Every child has a right to education, best attainable standards of health, and protection from abuse, torture and labour which interfere with the child’s physical, mental, spiritual, moral, or social development. However, Covid-19 has had an adverse effect on the rights and welfare of children in Africa, particularly on the right to education. Despite measures to use digital platforms to deliver lessons, many children still cannot access these and the lack of access further aggravates vulnerable children across the continent. The COVID-19 pandemic has forced school closures in 191 countries, affecting at least 1.5 billion students and 63 million primary and secondary teachers.1
According to the United Nations Education, Scientific and Cultural Organisation (UNESCO), half of all students currently out of the classroom – or nearly 830 million learners globally – do not have access to a computer. Additionally, more than 40 per cent have no internet access at home.2 For those children who have access to digital platforms for learning, imminent risks of child pornography, online sexual exploitation and cyber-attacks are lurking in the background waiting for an opportunity to strike. And for many children who now stay at home, other impending risks include harmful traditional practices such as female genital mutilation (FGM) and being forced into early (child) marriage.
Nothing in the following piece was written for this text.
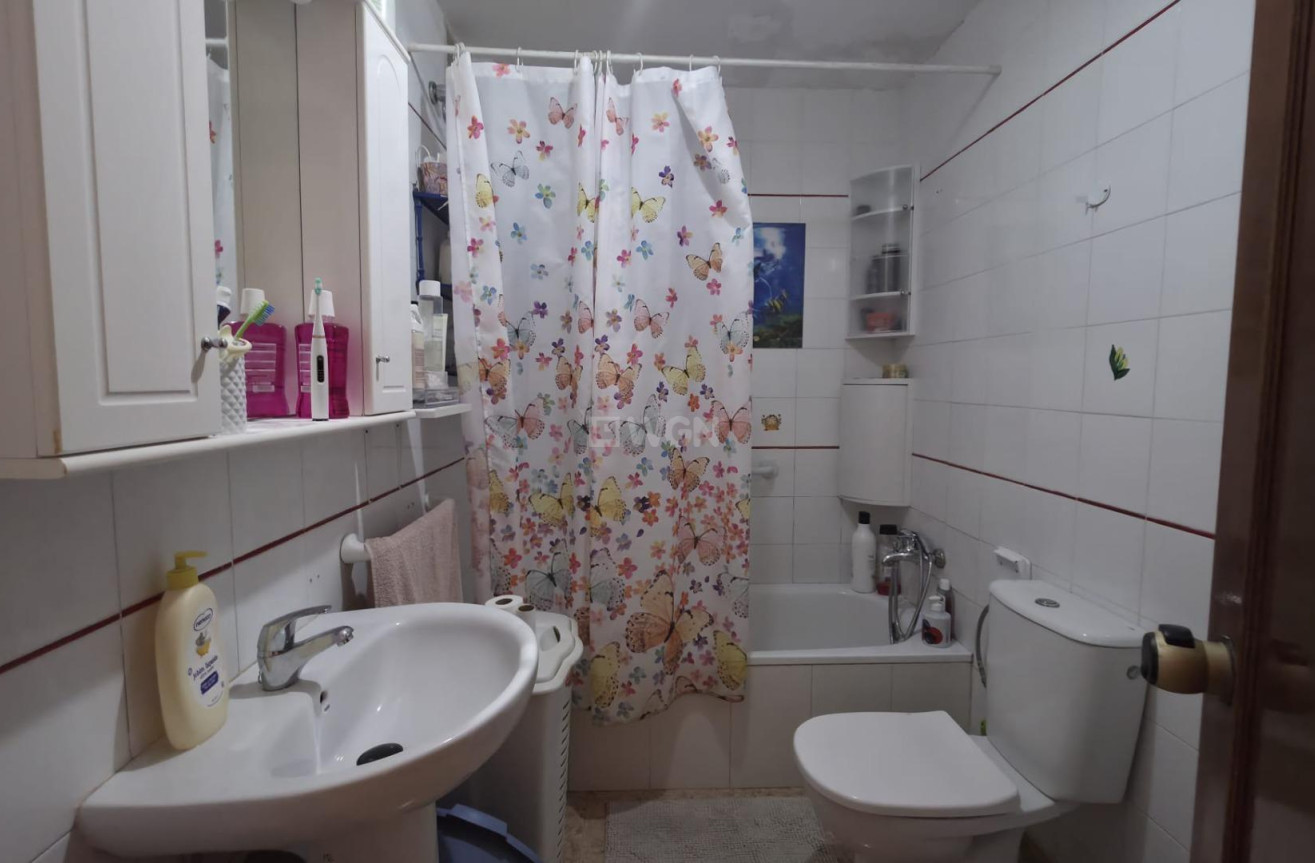 Odsprzedaż - Mieszkanie w bloku - Torrevieja - Playa del Cura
Domestic and sexual violence also continue to be a significant concern.
Without access to comprehensive sexuality education, which is mostly delivered in schools, children should not be left to themselves, as staying at home puts them at more risk of attacks by abusers and predators.
Access to child-friendly justice forms the foundation on which the right to education, health, protection and freedom from torture and labour is built as it entrusts States, communities and households with the responsibility to consider the best interests of the child (Article 4 of the African Children’s Charter and Article 3 of the UN Convention on the Rights of the Child) as the primary consideration of all actions.
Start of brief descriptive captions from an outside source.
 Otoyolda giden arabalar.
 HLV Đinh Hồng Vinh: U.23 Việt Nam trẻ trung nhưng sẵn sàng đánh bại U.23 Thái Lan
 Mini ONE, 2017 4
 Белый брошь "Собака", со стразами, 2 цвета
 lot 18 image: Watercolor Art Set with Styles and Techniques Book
In Africa, comprehensive sexuality education is predominantly school-based in both primary and secondary schools and equips children with knowledge, skills, attitudes and values that empower them to realise their health, wellbeing and dignity. Without access to comprehensive sexuality education, young people would not have access to the information and knowledge to make informed decisions about their sexuality as nearly one-fifth of all African girls and women between 10 and 19 become pregnant,3 and these girls face the highest rates of sexual violence in the world.4
Child-friendly justice, therefore, requires that young people be provided with the skills and competencies to make informed decisions, and this includes information to access the internet as they go online for studies safely. The Covid-19 pandemic also further provides us with an opportunity to find alternative ways to promote justice and improve and facilitate access for those children who do not have the means to get onto digital platforms to gain information about their sexuality.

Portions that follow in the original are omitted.